**What you are asked to do**
Output each entry in full so that the result matches the data exactly.

(Data excerpts)
-.-.-

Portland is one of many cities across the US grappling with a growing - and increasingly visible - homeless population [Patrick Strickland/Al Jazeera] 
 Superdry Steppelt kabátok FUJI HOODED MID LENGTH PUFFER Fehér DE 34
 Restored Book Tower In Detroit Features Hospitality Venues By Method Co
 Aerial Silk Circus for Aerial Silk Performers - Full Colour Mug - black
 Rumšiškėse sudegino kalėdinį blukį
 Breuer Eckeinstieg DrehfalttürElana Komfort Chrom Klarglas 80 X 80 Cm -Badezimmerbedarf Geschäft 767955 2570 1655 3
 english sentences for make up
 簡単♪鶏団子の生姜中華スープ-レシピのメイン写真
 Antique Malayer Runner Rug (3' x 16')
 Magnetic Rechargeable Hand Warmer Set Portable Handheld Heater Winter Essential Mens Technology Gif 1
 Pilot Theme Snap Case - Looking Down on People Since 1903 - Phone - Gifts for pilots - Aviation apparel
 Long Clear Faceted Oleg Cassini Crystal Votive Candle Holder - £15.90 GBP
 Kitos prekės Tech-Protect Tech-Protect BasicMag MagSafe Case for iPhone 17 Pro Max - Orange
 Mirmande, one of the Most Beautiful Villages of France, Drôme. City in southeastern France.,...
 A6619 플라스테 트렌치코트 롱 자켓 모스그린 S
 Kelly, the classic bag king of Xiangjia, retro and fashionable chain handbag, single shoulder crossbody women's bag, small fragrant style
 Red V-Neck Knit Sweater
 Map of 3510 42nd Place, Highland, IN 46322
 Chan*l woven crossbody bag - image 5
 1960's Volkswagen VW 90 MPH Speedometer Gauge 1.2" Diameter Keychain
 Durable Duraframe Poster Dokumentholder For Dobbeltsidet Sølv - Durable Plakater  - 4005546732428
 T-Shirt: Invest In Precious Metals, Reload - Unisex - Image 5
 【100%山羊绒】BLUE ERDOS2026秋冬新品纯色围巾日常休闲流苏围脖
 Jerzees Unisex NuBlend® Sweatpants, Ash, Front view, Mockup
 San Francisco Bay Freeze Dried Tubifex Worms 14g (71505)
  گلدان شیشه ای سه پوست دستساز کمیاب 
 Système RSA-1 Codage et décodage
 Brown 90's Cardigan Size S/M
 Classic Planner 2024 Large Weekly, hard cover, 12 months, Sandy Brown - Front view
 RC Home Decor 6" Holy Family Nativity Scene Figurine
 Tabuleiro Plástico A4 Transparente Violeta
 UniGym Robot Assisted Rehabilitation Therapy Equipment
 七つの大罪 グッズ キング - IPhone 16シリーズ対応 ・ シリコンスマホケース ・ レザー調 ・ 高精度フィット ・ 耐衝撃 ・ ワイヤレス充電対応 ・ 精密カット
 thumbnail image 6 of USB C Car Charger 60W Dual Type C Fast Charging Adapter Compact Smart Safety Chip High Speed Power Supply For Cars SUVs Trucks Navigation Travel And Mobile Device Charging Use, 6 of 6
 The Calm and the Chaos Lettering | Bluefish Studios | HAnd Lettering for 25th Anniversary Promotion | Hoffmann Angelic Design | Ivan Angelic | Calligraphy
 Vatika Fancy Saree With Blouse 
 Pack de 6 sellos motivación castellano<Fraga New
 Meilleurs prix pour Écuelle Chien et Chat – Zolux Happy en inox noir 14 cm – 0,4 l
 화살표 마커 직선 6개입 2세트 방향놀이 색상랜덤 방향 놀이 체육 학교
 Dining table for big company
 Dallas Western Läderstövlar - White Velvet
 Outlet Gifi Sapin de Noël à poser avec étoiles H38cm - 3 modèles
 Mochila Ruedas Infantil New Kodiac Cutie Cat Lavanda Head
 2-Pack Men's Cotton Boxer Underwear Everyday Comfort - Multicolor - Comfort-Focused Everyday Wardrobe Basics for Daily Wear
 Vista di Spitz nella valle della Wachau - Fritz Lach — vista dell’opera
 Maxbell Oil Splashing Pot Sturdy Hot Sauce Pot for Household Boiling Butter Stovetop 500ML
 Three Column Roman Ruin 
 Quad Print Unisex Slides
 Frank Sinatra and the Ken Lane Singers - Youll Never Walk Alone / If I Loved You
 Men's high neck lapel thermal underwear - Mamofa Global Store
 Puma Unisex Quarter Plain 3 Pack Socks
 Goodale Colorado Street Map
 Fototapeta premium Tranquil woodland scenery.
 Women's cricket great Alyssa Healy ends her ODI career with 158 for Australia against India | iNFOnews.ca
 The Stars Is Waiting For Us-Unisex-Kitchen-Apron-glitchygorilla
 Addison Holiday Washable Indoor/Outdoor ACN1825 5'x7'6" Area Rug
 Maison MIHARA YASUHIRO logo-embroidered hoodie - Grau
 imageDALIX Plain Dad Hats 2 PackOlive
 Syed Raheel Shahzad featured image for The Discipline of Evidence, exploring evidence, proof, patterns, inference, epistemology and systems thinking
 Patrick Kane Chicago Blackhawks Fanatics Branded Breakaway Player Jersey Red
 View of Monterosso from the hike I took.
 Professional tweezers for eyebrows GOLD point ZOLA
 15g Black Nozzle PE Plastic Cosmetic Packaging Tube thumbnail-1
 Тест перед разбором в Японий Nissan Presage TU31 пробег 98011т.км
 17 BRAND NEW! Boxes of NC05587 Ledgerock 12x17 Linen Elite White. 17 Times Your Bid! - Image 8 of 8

-.-.-

**Answer for this exercise**
Portland is one of many cities across the US grappling with a growing - and increasingly visible - homeless population [Patrick Strickland/Al Jazeera] 
 Superdry Steppelt kabátok FUJI HOODED MID LENGTH PUFFER Fehér DE 34
 Restored Book Tower In Detroit Features Hospitality Venues By Method Co
 Aerial Silk Circus for Aerial Silk Performers - Full Colour Mug - black
 Rumšiškėse sudegino kalėdinį blukį
 Breuer Eckeinstieg DrehfalttürElana Komfort Chrom Klarglas 80 X 80 Cm -Badezimmerbedarf Geschäft 767955 2570 1655 3
 english sentences for make up
 簡単♪鶏団子の生姜中華スープ-レシピのメイン写真
 Antique Malayer Runner Rug (3' x 16')
 Magnetic Rechargeable Hand Warmer Set Portable Handheld Heater Winter Essential Mens Technology Gif 1
 Pilot Theme Snap Case - Looking Down on People Since 1903 - Phone - Gifts for pilots - Aviation apparel
 Long Clear Faceted Oleg Cassini Crystal Votive Candle Holder - £15.90 GBP
 Kitos prekės Tech-Protect Tech-Protect BasicMag MagSafe Case for iPhone 17 Pro Max - Orange
 Mirmande, one of the Most Beautiful Villages of France, Drôme. City in southeastern France.,...
 A6619 플라스테 트렌치코트 롱 자켓 모스그린 S
 Kelly, the classic bag king of Xiangjia, retro and fashionable chain handbag, single shoulder crossbody women's bag, small fragrant style
 Red V-Neck Knit Sweater
 Map of 3510 42nd Place, Highland, IN 46322
 Chan*l woven crossbody bag - image 5
 1960's Volkswagen VW 90 MPH Speedometer Gauge 1.2" Diameter Keychain
 Durable Duraframe Poster Dokumentholder For Dobbeltsidet Sølv - Durable Plakater  - 4005546732428
 T-Shirt: Invest In Precious Metals, Reload - Unisex - Image 5
 【100%山羊绒】BLUE ERDOS2026秋冬新品纯色围巾日常休闲流苏围脖
 Jerzees Unisex NuBlend® Sweatpants, Ash, Front view, Mockup
 San Francisco Bay Freeze Dried Tubifex Worms 14g (71505)
  گلدان شیشه ای سه پوست دستساز کمیاب 
 Système RSA-1 Codage et décodage
 Brown 90's Cardigan Size S/M
 Classic Planner 2024 Large Weekly, hard cover, 12 months, Sandy Brown - Front view
 RC Home Decor 6" Holy Family Nativity Scene Figurine
 Tabuleiro Plástico A4 Transparente Violeta
 UniGym Robot Assisted Rehabilitation Therapy Equipment
 七つの大罪 グッズ キング - IPhone 16シリーズ対応 ・ シリコンスマホケース ・ レザー調 ・ 高精度フィット ・ 耐衝撃 ・ ワイヤレス充電対応 ・ 精密カット
 thumbnail image 6 of USB C Car Charger 60W Dual Type C Fast Charging Adapter Compact Smart Safety Chip High Speed Power Supply For Cars SUVs Trucks Navigation Travel And Mobile Device Charging Use, 6 of 6
 The Calm and the Chaos Lettering | Bluefish Studios | HAnd Lettering for 25th Anniversary Promotion | Hoffmann Angelic Design | Ivan Angelic | Calligraphy
 Vatika Fancy Saree With Blouse 
 Pack de 6 sellos motivación castellano<Fraga New
 Meilleurs prix pour Écuelle Chien et Chat – Zolux Happy en inox noir 14 cm – 0,4 l
 화살표 마커 직선 6개입 2세트 방향놀이 색상랜덤 방향 놀이 체육 학교
 Dining table for big company
 Dallas Western Läderstövlar - White Velvet
 Outlet Gifi Sapin de Noël à poser avec étoiles H38cm - 3 modèles
 Mochila Ruedas Infantil New Kodiac Cutie Cat Lavanda Head
 2-Pack Men's Cotton Boxer Underwear Everyday Comfort - Multicolor - Comfort-Focused Everyday Wardrobe Basics for Daily Wear
 Vista di Spitz nella valle della Wachau - Fritz Lach — vista dell’opera
 Maxbell Oil Splashing Pot Sturdy Hot Sauce Pot for Household Boiling Butter Stovetop 500ML
 Three Column Roman Ruin 
 Quad Print Unisex Slides
 Frank Sinatra and the Ken Lane Singers - Youll Never Walk Alone / If I Loved You
 Men's high neck lapel thermal underwear - Mamofa Global Store
 Puma Unisex Quarter Plain 3 Pack Socks
 Goodale Colorado Street Map
 Fototapeta premium Tranquil woodland scenery.
 Women's cricket great Alyssa Healy ends her ODI career with 158 for Australia against India | iNFOnews.ca
 The Stars Is Waiting For Us-Unisex-Kitchen-Apron-glitchygorilla
 Addison Holiday Washable Indoor/Outdoor ACN1825 5'x7'6" Area Rug
 Maison MIHARA YASUHIRO logo-embroidered hoodie - Grau
 imageDALIX Plain Dad Hats 2 PackOlive
 Syed Raheel Shahzad featured image for The Discipline of Evidence, exploring evidence, proof, patterns, inference, epistemology and systems thinking
 Patrick Kane Chicago Blackhawks Fanatics Branded Breakaway Player Jersey Red
 View of Monterosso from the hike I took.
 Professional tweezers for eyebrows GOLD point ZOLA
 15g Black Nozzle PE Plastic Cosmetic Packaging Tube thumbnail-1
 Тест перед разбором в Японий Nissan Presage TU31 пробег 98011т.км
 17 BRAND NEW! Boxes of NC05587 Ledgerock 12x17 Linen Elite White. 17 Times Your Bid! - Image 8 of 8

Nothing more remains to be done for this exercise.